# ENTRIES PROVIDED:
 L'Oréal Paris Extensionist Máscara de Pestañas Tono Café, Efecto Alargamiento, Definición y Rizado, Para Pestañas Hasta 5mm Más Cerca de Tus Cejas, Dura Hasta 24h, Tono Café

...

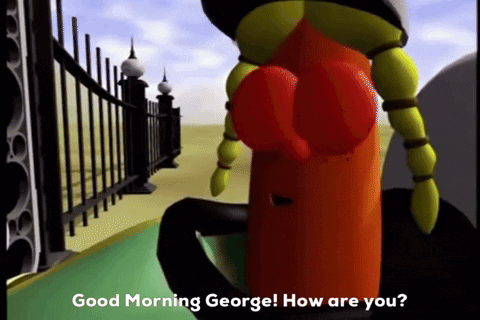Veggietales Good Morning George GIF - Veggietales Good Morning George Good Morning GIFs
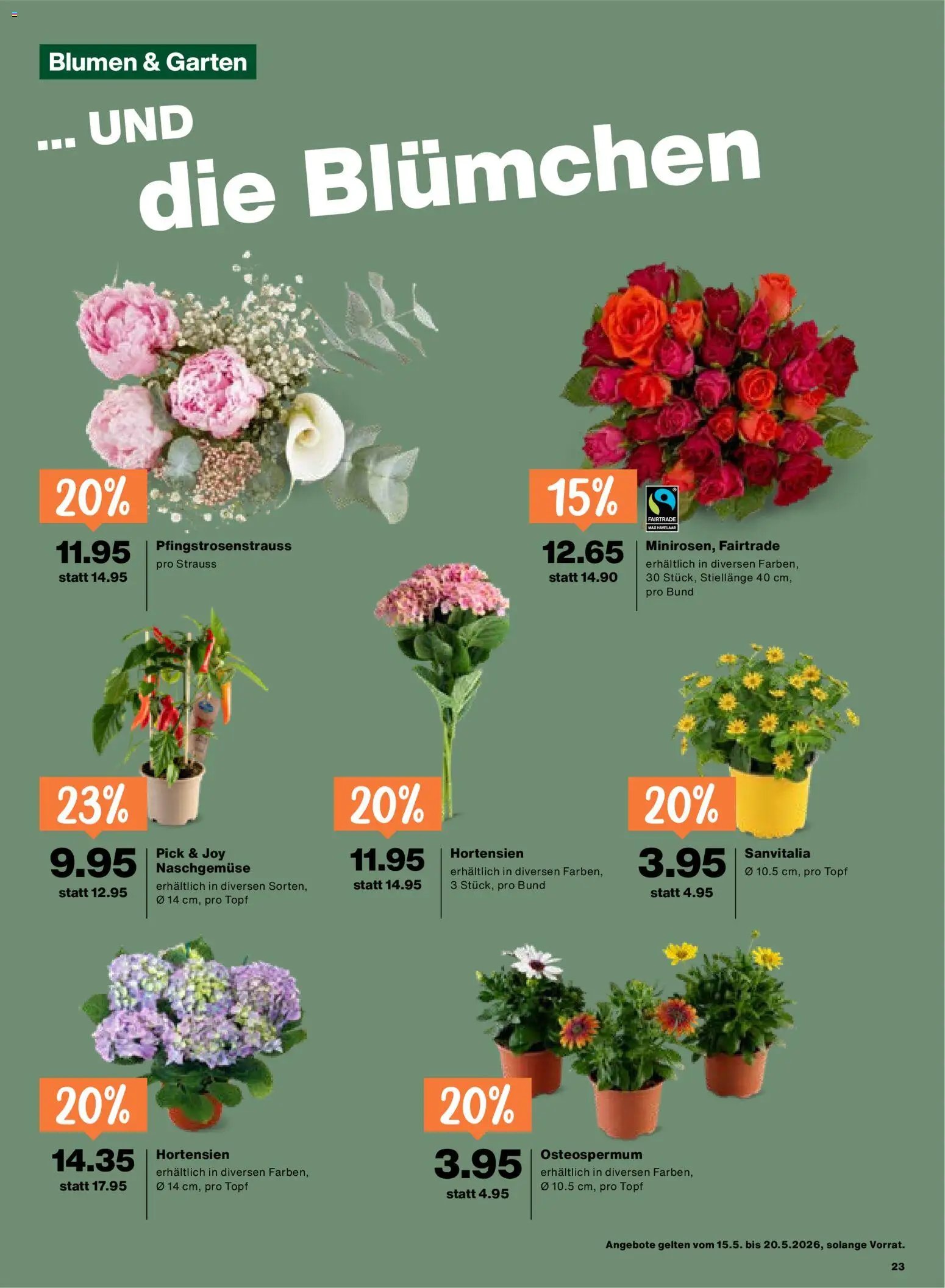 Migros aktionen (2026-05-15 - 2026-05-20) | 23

# EXERCISE PROMPT:
Print the part of the listing above that opens with the line containing "Veggietales Good Morning George GIF" and closes with the line containing "Migros aktionen (2026-05-15". Copy it exactly, both ends included, and omit the pictures.

# RESPONSE BOX:
Veggietales Good Morning George GIF - Veggietales Good Morning George Good Morning GIFs
 Migros aktionen (2026-05-15 - 2026-05-20) | 23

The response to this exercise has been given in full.